» **EXERCISE INSTRUCTIONS**
When you return the material, keep every line exactly as it is and omit the pictures.

» **INFORMATION SHOWN**

- - - -

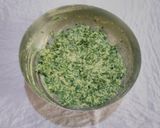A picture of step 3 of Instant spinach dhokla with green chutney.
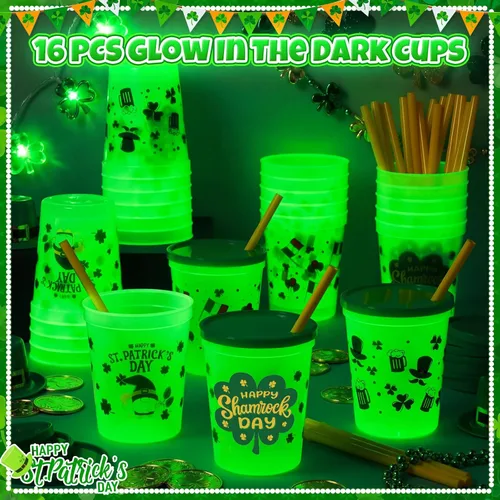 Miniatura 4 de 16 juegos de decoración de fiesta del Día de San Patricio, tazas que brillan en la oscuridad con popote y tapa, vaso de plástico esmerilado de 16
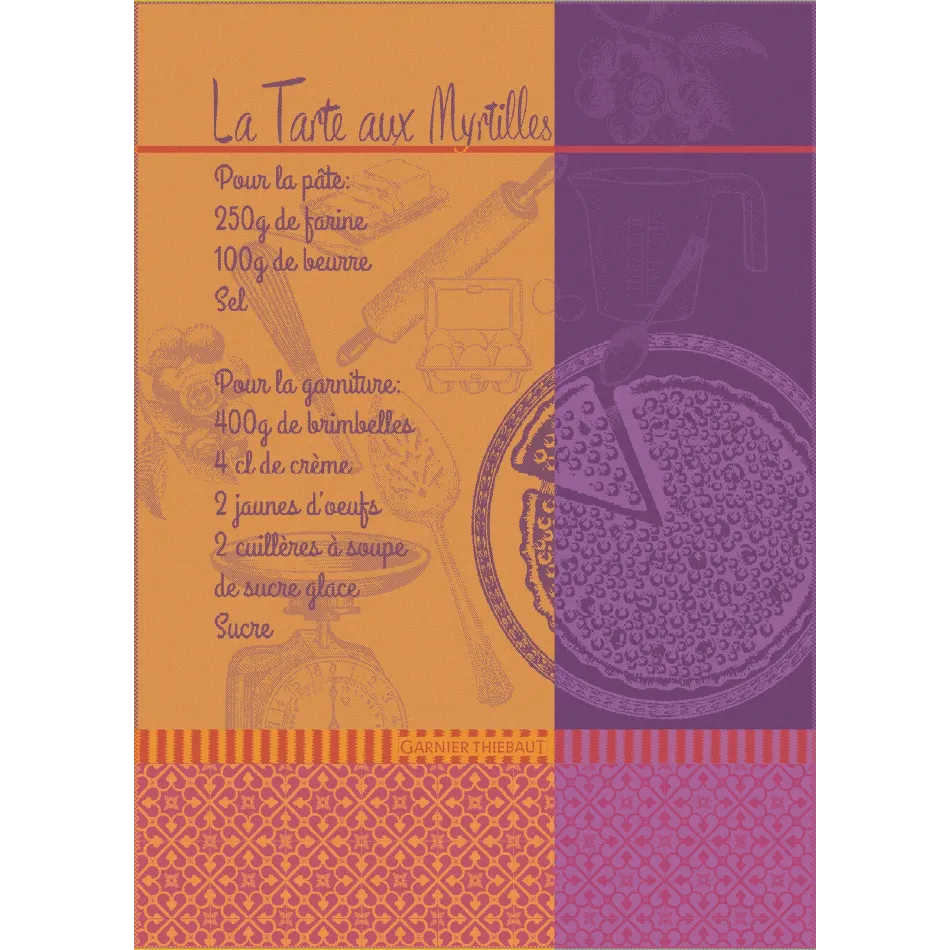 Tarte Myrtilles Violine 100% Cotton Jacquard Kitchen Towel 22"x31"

- - - -

» **WRITTEN RESPONSE**
A picture of step 3 of Instant spinach dhokla with green chutney.
 Miniatura 4 de 16 juegos de decoración de fiesta del Día de San Patricio, tazas que brillan en la oscuridad con popote y tapa, vaso de plástico esmerilado de 16
 Tarte Myrtilles Violine 100% Cotton Jacquard Kitchen Towel 22"x31"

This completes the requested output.